Your task is to find every line of the data that holds the string "Gold" and copy it.

- Input data -
***

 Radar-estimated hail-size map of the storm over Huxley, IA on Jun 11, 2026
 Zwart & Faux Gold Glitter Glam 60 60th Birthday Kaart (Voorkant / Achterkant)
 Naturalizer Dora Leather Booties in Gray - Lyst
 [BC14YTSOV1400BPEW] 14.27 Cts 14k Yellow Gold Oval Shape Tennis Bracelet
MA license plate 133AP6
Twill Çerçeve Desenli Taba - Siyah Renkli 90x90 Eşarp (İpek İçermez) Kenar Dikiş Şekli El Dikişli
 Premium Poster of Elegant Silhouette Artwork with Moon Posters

***

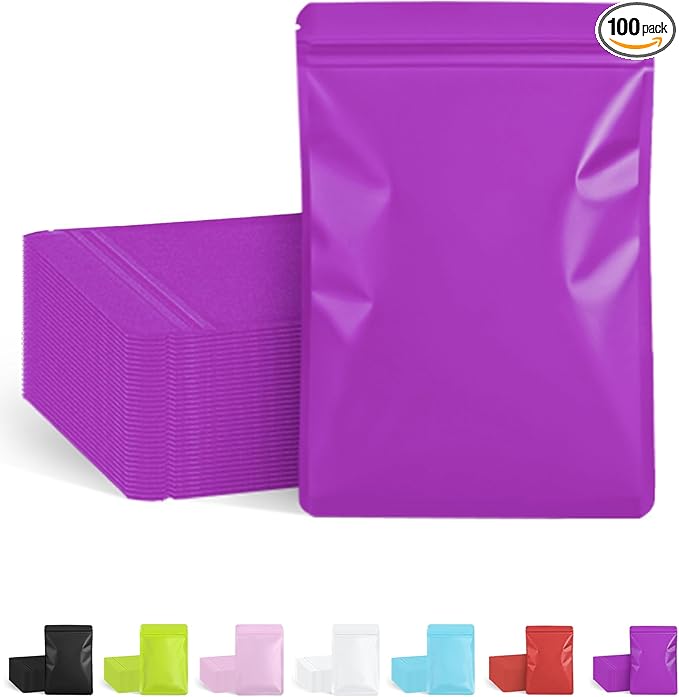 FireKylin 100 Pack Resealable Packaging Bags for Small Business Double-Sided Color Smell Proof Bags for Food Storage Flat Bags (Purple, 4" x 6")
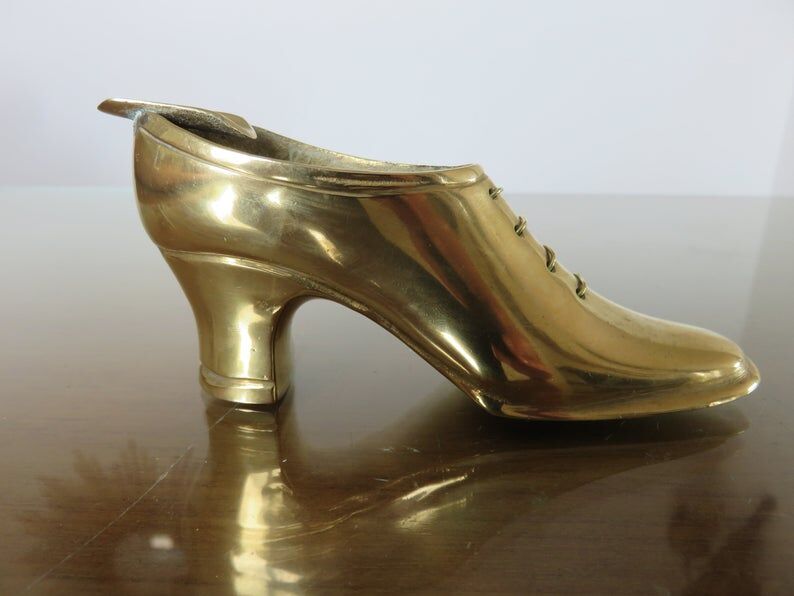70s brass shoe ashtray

***

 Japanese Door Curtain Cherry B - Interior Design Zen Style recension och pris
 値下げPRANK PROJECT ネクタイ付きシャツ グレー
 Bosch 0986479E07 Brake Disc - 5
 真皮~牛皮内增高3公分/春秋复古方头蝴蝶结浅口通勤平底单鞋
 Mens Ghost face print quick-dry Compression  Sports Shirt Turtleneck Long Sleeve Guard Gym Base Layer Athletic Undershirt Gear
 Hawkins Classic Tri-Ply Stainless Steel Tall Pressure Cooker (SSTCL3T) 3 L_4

***

- Reply -
 Zwart & Faux Gold Glitter Glam 60 60th Birthday Kaart (Voorkant / Achterkant)
 [BC14YTSOV1400BPEW] 14.27 Cts 14k Yellow Gold Oval Shape Tennis Bracelet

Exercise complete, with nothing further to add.